DATE POSTED:May 1, 2025
Is AI making us all write the same?

Click, type, pause. A faint grey suggestion appears, offering the perfect phrase. We hit TAB, accept, and move on. From Gmail’s Smart Compose to the autocomplete features baked into browsers and word processors, artificial intelligence is increasingly shaping how we write. It promises efficiency, a smoother flow, a polished end result. But beneath the surface of convenience, a troubling question emerges: Is this helpful AI subtly sanding away the unique edges of our cultural expression, pushing us all towards a homogenized, Westernized way of communicating?

We know large language models (LLMs), the engines powering these tools, often reflect the biases baked into their vast training data. They’ve been shown to perpetuate harmful stereotypes and prioritize Western norms and values. This is problematic enough in chatbots where users can sometimes guide the output. But what happens when these biases operate silently, embedded within the writing tools we use daily, offering suggestions we accept almost unconsciously? What if the AI assistant, trained predominantly on Western text, starts nudging users from diverse backgrounds to sound less like themselves and more like a generic, perhaps American, standard?

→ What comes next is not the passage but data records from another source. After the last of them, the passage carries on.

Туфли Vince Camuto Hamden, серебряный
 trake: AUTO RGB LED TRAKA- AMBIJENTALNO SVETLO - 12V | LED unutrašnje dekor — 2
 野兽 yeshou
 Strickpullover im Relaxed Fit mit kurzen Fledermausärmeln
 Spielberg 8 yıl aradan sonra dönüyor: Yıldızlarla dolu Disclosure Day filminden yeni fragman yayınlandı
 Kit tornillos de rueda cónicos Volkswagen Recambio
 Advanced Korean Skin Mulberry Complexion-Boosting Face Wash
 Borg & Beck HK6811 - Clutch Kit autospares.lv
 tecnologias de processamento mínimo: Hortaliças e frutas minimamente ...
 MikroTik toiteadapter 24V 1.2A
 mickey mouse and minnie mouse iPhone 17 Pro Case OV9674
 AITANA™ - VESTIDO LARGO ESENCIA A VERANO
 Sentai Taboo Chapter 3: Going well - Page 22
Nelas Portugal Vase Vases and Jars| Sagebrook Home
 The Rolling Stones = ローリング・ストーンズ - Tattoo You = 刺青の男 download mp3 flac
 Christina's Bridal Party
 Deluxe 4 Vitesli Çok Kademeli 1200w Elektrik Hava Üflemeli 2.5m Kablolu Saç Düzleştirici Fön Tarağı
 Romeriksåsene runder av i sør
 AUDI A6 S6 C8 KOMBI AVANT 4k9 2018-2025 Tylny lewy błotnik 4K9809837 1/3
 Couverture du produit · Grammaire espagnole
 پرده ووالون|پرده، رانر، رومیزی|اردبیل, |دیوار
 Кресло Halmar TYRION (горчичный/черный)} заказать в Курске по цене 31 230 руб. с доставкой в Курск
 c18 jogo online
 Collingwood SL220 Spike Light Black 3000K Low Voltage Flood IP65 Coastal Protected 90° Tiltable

Researchers at Cornell University, Dhruv Agarwal, Mor Naaman, and Aditya Vashistha, decided to investigate this potential “cultural homogenization” directly. They weren’t just interested in explicit bias, but the more insidious ways AI suggestions might be altering not just what people write, but how they write, potentially erasing the very nuances that differentiate cultural voices. Their work raises critical questions about digital culture, identity, and the hidden costs of AI convenience.

A cross-cultural experiment

To explore how a Western-centric AI impacts users from different backgrounds, the Cornell team designed a clever cross-cultural experiment. They recruited 118 participants through the online platform Prolific, carefully selecting 60 individuals from India and 58 from the United States. This setup created a “cultural distance” scenario: American users interacting with an AI likely aligned with their own cultural norms, and Indian users interacting with an AI potentially distant from theirs.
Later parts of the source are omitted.